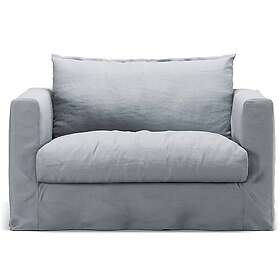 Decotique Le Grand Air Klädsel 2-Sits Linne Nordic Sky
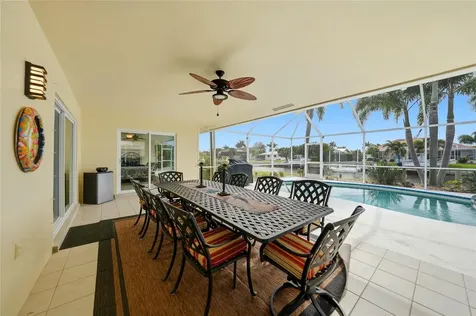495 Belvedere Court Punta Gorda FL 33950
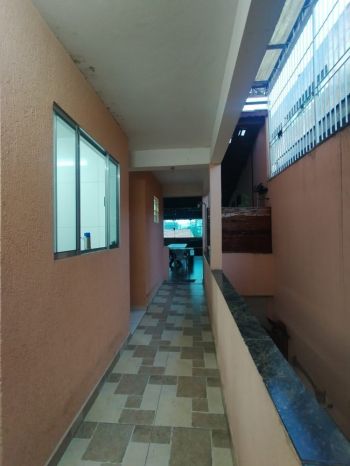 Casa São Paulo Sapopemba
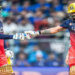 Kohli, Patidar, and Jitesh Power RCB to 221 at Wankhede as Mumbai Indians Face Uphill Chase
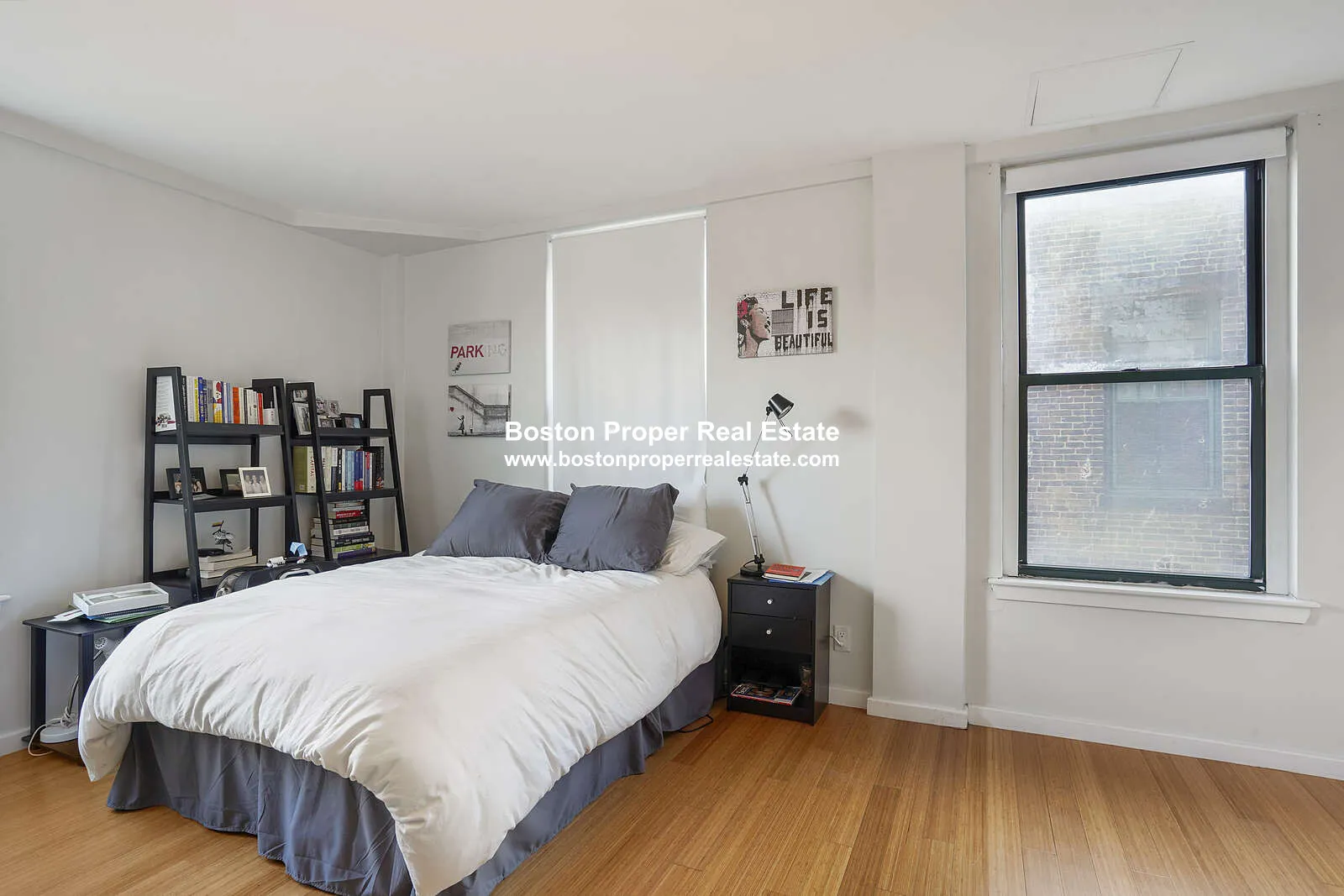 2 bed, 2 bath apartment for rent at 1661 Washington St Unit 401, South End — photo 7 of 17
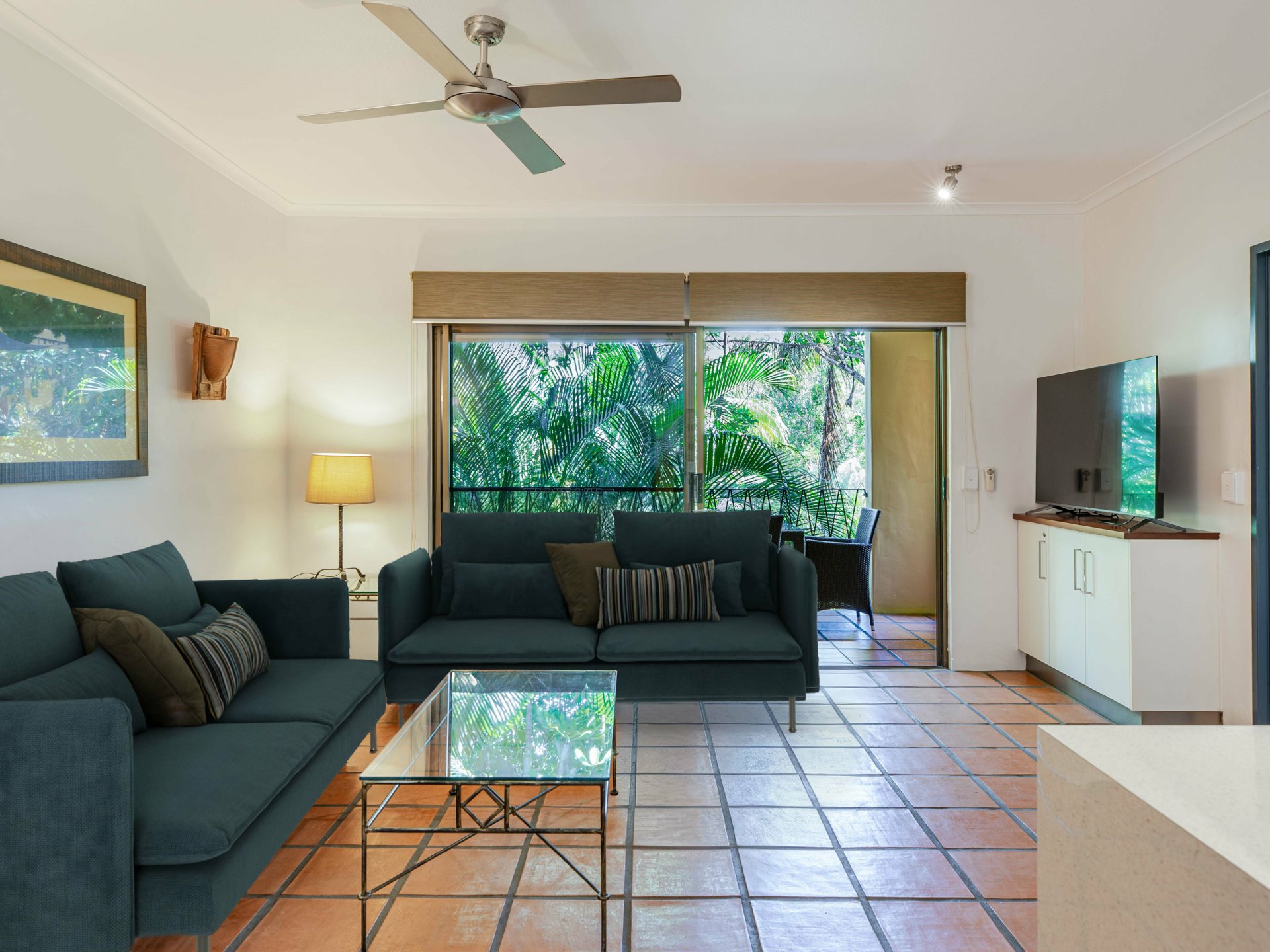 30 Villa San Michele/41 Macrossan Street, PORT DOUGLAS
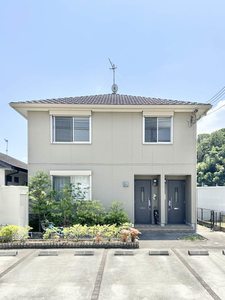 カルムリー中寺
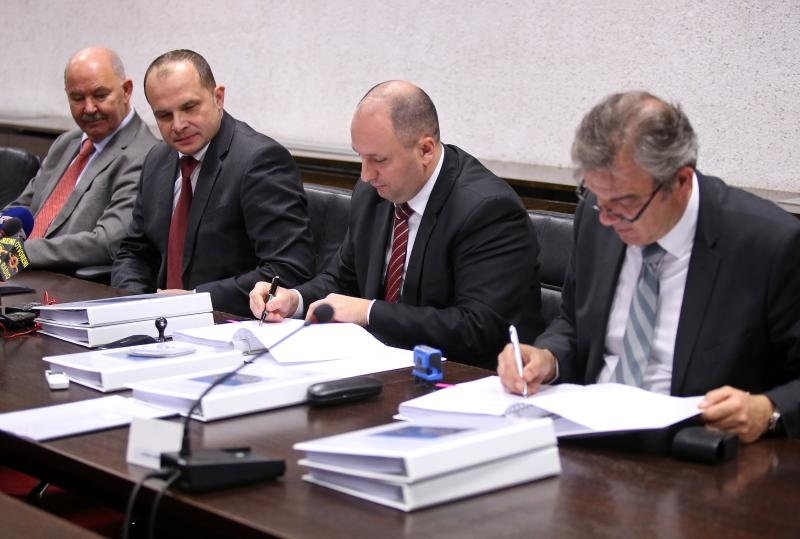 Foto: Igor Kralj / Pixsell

== EXERCISE INSTRUCTIONS ==
If a line holds a picture, skip the picture and transcribe the rest of the material exactly.

== EXERCISE RESULT ==
 Decotique Le Grand Air Klädsel 2-Sits Linne Nordic Sky
495 Belvedere Court Punta Gorda FL 33950
 Casa São Paulo Sapopemba
 Kohli, Patidar, and Jitesh Power RCB to 221 at Wankhede as Mumbai Indians Face Uphill Chase
 2 bed, 2 bath apartment for rent at 1661 Washington St Unit 401, South End — photo 7 of 17
 30 Villa San Michele/41 Macrossan Street, PORT DOUGLAS
 カルムリー中寺
 Foto: Igor Kralj / Pixsell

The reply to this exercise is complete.